Dataset records
• • • • • • •

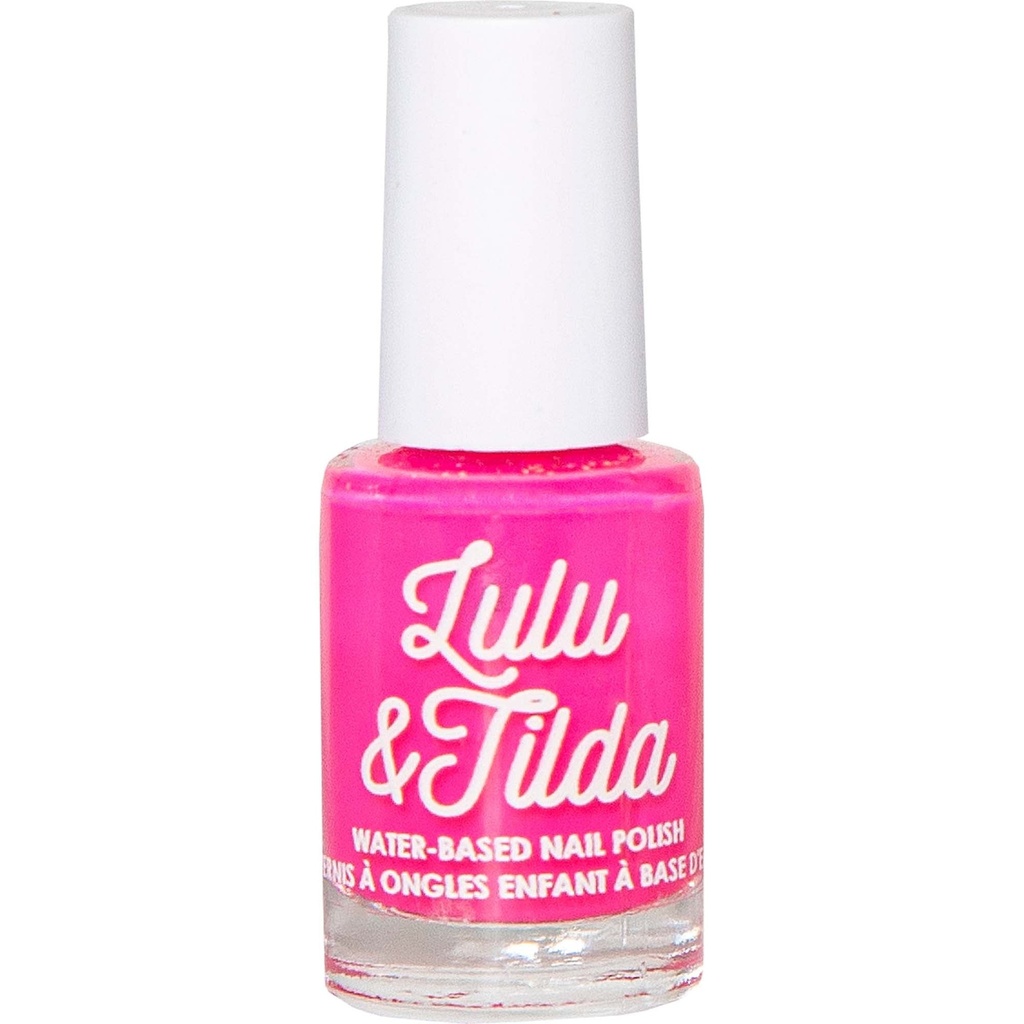 Kindernagellak op waterbasis Welcome to Glitzerland - Great Pretenders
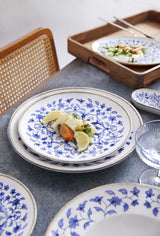 Tile Legacy Dinner Plate 27 cm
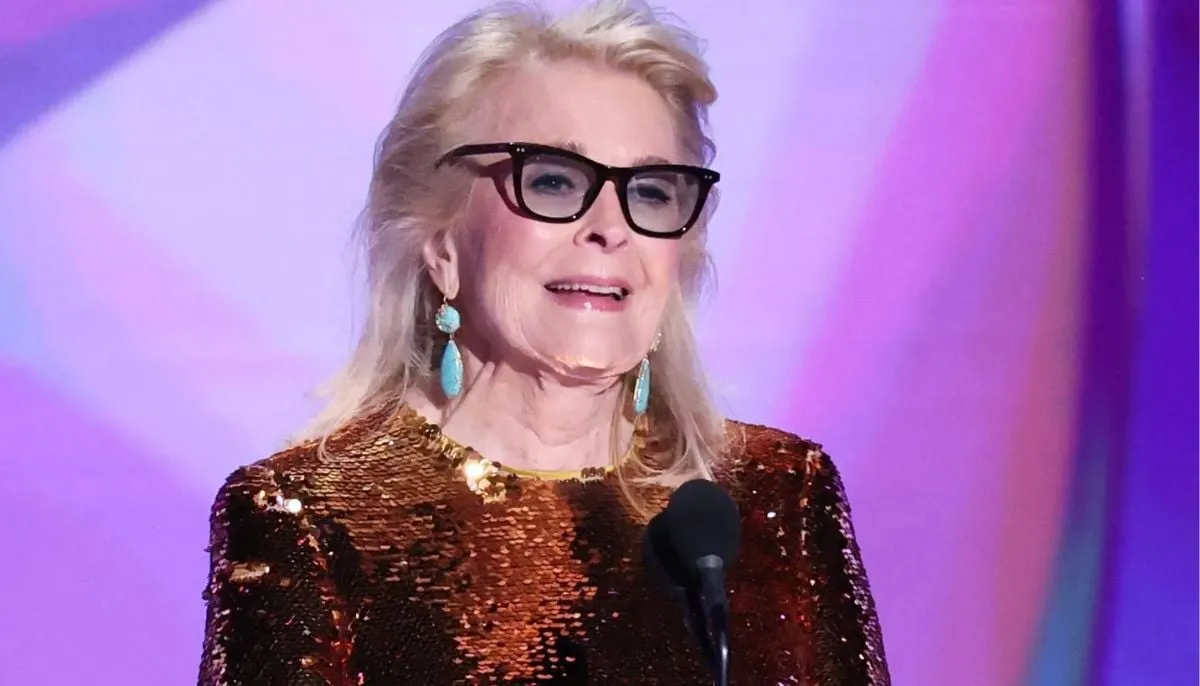 Candice bergen turns 80: a look back at her remarkable life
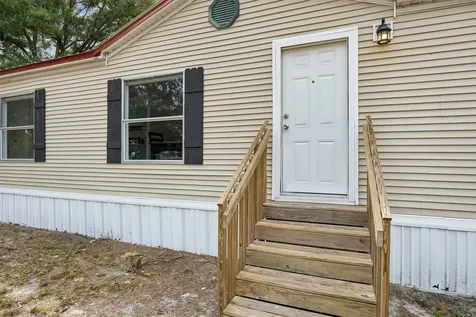 85356 Ashley Avenue Yulee FL 32097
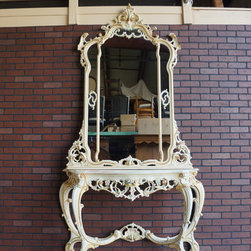European Flair Furniture - Furniture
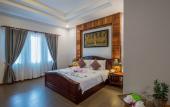 Туры в отель Indra Porak Residence Hotel Туры в отель Indra Porak Residence Hotel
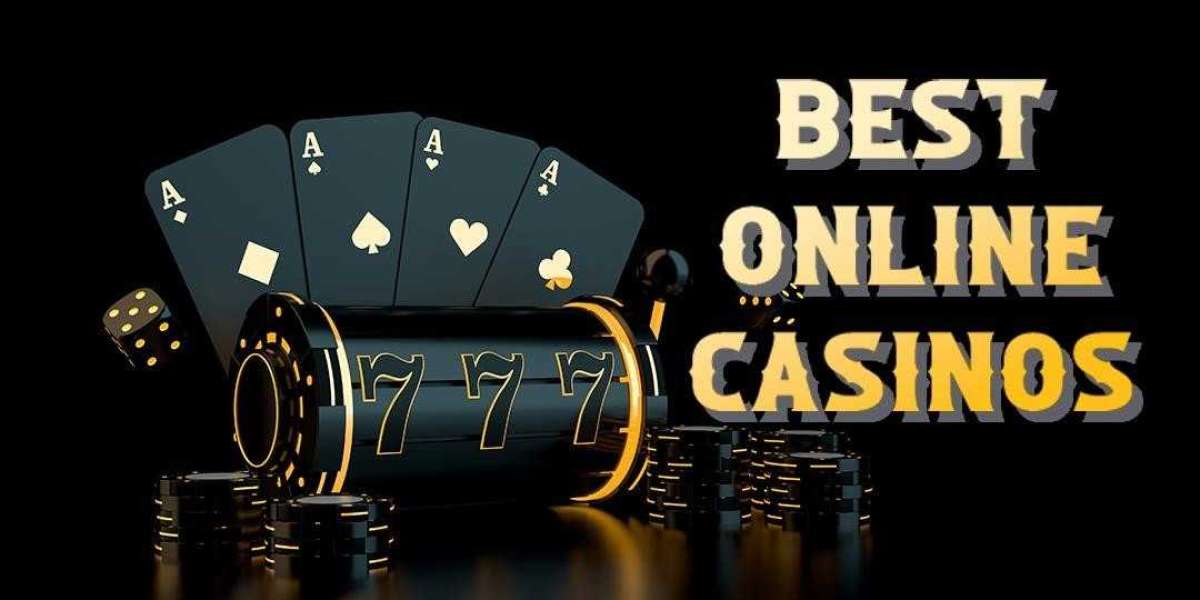 2023-24 Trusted Choice: Play Safe Online Casino in Kuala Lumpur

• • • • • • •

Skip all pictures. Copy exactly the lines from the one containing "Candice bergen turns" through the end of the records, both ends included.

 Candice bergen turns 80: a look back at her remarkable life
 85356 Ashley Avenue Yulee FL 32097
European Flair Furniture - Furniture
 Туры в отель Indra Porak Residence Hotel Туры в отель Indra Porak Residence Hotel
 2023-24 Trusted Choice: Play Safe Online Casino in Kuala Lumpur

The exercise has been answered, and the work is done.